Kara Walker, Slaughter of the Innocents (They Might Be Guilty of Something)
What do we talk about when we talk about Kara Walker? Slavery, sex, violence, assault, injustice, treachery—and immense talent. Following her celebrated 2014 sculpture show, “A Subtlety, or the Marvelous Sugar Baby,” Walker has stunned her audience once again in her new exhibition, “The most Astounding and Important Painting show of the fall Art Show viewing season!,” being presented at Chelsea’s Sikkema Jenkins & Co. Gallery.
Drawing on her reoccurring themes of slavery, racism and misogyny, Walker’s work intends to take on the world, including those who might regard themselves as her natural allies. In her artist’s statement for the gallery, she writes, “Frankly I am tired, tired of standing up, being counted, tired of ‘having a voice’ or worse ‘being a role model.’ Tired, true, of being a featured member of my racial group and/or my gender niche.”
She does not seek to be loved. She may not even seek to be understood. “It’s too much…” she reveals. “…and I write this knowing full well that my right, my capacity to live in this Godforsaken country as a (proudly) raced and (urgently) gendered person is under threat by random groups of white (male) supremacist goons who flaunt a kind of patched together notion of race purity with flags and torches and impressive displays of perpetrator-as-victim sociopathy.”
Libertine Alighting the World and USA Idioms
So brutal and ugly are the characters in her ink drawings, viewers at the September 7th opening mostly stared silently. Paintings, collaged drawings and Walker’s iconic silhouette cut-outs come together on paper, displaying images of figures being lynched and chained, an arm raised in a Nazi salute and a head displayed on a platter.

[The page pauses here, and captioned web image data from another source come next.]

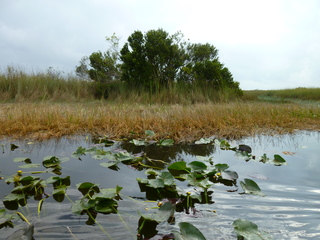 Filename=P1070459.JPG
Filesize=5882KiB
Dimensions=4320x3240
Date added=Sep 16, 2019 P1070459.JPG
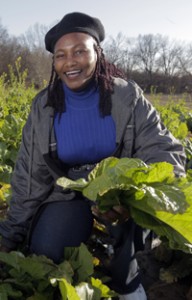 Velma Caruthers picks mustard greens at her home in St Francis County, Arkansas on January 30, 2012.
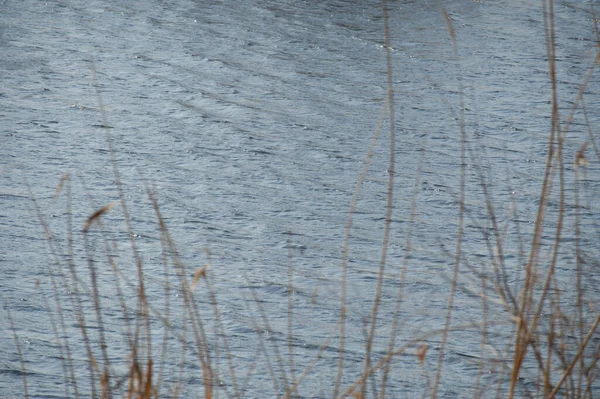 Vannflaten Abstrakt Bakgrunn Elver Eller Sjøvann Med Små Bølger Vannstruktur – stockfoto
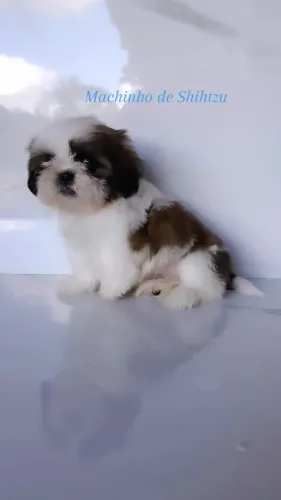 Machinho de Shihtzu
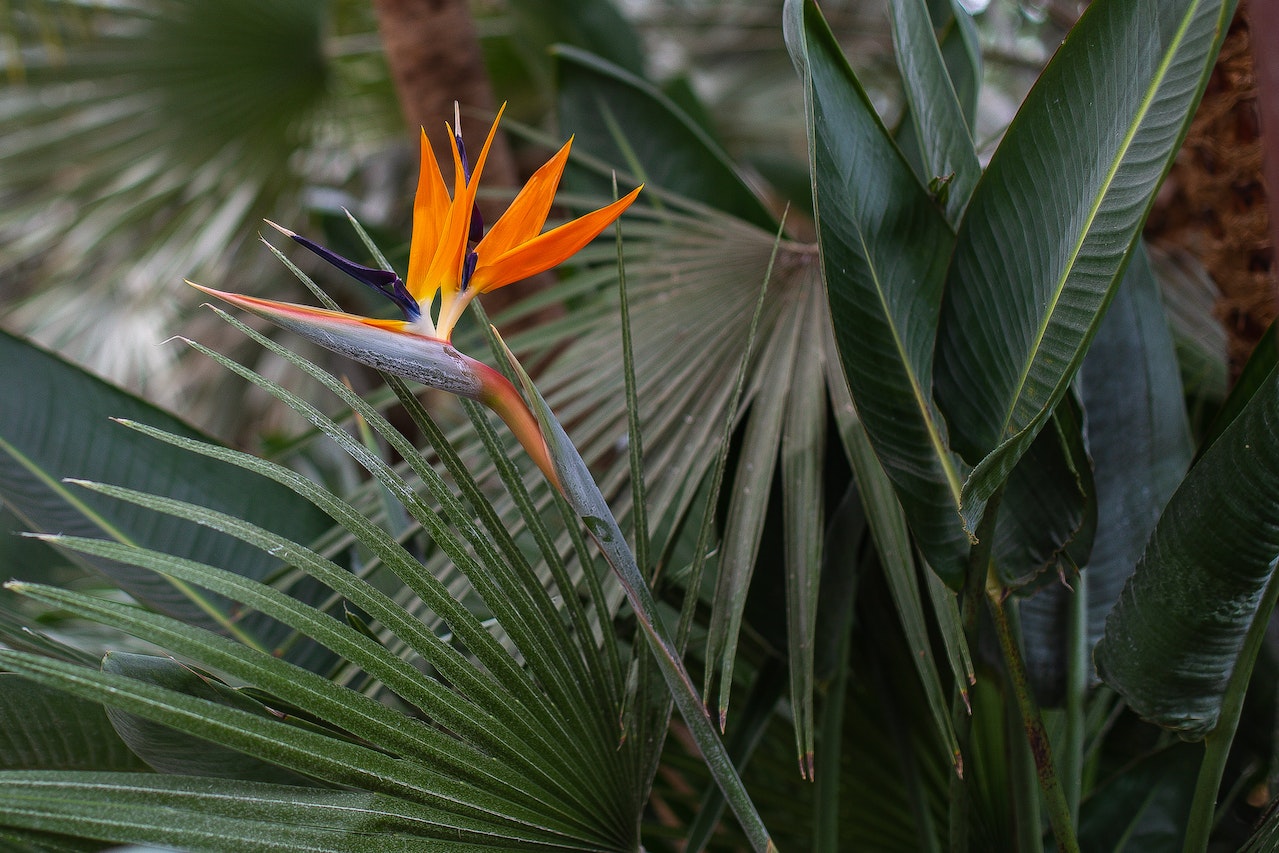 Un strelitzia peut en cacher un autre, Découvrez les 5 espéces !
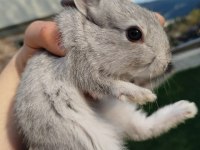 Mini Cüce Tavşan Yavruları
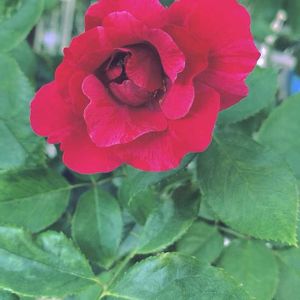 バラ,バラと夢CLUB,チーム岐阜,ユーミンつながり,がんに負けるな！の画像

In the extremely long and circus-barker-like teaser, she says, “Students of Color will eye her work suspiciously and exercise their free right to Culturally Annihilate her on social media. Parents will cover the eyes of innocent children. Prestigious academic societies will withdraw their support, former husbands and former lovers will recoil in abject terror. Critics will shake their heads in bemused silence.”
In practice, critics have reacted sympathetically. Roberta Smith in The New York Times calls her work “antic, profane, and riveting.” This exhibition, continues Smith, “reveals a crossroads in her great career and she sails right through, from strength to new strength.”
New York Magazine’s Jerry Saltz says “Walker’s triumphant new show is the best art made about this country in this century,” and believes her work should “end up on permanent display in a prominent New York museum” (he proposes The MET).
Untitled, Two slaves carrying a man while a third rips out his heart
In the untitled, laser-cut steel wagon that Sikkema Jenkins has put on display in its front window, Walker shows two slaves carrying a man while a third, crouching above from a tree, rips out his heart. This is a maquette in preparation for a major Walker exhibit at Prospect New Orleans, a contemporary art triennial that will open November 18, 2017. Her installation of a riverboat calliope, to be played by MacArthur-winning jazz pianist Jason Moran, will be at Algiers Point where, beginning the 18th century, slaves were held before being sold in New Orleans.
“The most Astounding and Important Painting show of the fall Art Show viewing season!” is on display through Oct. 14, 2017 at Sikkema Jenkins & Co., 530 West 22nd St.